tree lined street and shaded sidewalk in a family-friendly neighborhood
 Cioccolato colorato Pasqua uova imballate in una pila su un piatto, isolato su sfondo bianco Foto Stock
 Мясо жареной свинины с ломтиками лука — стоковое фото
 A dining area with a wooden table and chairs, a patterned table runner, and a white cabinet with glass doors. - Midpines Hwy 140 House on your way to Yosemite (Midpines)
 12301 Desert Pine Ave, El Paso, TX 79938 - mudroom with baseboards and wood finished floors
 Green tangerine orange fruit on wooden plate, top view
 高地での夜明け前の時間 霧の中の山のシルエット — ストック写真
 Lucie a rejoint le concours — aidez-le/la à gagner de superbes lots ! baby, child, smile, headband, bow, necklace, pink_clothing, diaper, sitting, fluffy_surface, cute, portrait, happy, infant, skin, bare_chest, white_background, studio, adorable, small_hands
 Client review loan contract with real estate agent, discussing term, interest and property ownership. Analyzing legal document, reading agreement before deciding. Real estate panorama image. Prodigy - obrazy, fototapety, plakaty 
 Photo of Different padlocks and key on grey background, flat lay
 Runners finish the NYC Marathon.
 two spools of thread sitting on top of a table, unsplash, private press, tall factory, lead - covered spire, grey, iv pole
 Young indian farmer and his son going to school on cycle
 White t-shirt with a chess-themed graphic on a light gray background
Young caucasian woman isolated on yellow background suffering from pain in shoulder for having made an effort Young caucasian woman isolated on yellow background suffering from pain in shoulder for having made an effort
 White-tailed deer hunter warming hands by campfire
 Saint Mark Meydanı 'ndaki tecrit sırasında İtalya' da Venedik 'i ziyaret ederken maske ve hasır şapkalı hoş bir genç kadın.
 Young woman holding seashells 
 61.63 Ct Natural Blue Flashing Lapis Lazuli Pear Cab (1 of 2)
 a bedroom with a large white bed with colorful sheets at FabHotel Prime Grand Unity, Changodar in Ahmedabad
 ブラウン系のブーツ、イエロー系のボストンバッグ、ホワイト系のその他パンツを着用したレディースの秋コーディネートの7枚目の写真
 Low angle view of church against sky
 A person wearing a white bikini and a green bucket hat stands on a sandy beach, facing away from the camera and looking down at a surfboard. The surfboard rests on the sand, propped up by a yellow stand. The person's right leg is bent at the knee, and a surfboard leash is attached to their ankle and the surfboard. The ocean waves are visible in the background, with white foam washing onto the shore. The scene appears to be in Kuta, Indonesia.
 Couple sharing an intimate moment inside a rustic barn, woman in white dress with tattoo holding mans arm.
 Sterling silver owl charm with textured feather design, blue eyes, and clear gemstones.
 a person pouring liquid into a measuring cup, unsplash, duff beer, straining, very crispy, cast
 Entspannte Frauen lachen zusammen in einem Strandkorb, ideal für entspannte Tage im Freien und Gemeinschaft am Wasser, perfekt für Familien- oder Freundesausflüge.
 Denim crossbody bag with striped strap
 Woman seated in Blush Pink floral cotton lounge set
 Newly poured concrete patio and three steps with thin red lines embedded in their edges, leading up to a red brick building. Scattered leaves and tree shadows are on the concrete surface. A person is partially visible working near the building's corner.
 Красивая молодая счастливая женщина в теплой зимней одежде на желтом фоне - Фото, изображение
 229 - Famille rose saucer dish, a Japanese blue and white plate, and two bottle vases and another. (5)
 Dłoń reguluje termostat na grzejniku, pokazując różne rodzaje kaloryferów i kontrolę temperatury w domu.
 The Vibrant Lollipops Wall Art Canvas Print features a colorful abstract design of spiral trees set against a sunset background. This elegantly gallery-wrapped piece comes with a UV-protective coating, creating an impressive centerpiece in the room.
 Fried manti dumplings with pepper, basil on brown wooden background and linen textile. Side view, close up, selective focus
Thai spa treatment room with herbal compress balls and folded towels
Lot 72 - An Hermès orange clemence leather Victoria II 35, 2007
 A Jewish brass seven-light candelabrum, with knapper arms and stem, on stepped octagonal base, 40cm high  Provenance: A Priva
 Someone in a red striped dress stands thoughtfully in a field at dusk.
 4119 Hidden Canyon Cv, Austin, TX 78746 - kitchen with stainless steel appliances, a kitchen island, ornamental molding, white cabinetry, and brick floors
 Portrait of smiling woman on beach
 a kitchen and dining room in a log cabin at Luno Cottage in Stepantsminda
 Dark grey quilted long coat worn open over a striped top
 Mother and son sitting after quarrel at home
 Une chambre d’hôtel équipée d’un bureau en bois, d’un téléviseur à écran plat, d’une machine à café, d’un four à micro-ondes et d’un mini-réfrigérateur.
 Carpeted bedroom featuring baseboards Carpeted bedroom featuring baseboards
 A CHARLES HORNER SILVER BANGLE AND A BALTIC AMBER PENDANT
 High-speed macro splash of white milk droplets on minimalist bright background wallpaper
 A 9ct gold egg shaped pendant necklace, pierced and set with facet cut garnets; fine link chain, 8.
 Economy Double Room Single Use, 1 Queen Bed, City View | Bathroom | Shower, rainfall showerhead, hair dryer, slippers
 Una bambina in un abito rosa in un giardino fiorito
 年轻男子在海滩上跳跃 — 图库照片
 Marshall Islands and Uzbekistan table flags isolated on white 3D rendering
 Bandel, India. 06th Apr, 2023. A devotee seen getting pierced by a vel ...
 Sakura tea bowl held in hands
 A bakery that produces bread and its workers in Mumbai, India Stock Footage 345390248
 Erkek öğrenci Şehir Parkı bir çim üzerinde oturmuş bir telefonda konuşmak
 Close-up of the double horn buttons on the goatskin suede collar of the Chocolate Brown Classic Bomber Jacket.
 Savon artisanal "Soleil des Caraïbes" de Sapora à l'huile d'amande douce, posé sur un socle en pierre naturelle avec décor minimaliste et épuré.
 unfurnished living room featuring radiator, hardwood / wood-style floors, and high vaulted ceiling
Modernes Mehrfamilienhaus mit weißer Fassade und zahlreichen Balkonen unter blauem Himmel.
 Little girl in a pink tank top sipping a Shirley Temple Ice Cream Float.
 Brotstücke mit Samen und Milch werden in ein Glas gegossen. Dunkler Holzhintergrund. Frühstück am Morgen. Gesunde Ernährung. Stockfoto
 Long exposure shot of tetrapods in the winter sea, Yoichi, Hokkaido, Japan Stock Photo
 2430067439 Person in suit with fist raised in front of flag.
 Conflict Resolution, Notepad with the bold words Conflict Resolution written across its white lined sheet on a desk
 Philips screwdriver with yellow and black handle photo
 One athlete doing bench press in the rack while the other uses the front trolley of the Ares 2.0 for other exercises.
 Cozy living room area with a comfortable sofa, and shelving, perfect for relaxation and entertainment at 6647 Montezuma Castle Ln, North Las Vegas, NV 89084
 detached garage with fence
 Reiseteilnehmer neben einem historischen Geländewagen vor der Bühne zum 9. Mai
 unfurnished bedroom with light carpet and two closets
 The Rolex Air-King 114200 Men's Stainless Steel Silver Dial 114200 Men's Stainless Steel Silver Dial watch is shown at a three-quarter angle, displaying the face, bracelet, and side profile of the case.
________________________
Required work:
A verbatim transcription is required: the first line of the listing, the line containing "Мясо жареной свинины", and every line between them.

Final answer:
tree lined street and shaded sidewalk in a family-friendly neighborhood
 Cioccolato colorato Pasqua uova imballate in una pila su un piatto, isolato su sfondo bianco Foto Stock
 Мясо жареной свинины с ломтиками лука — стоковое фото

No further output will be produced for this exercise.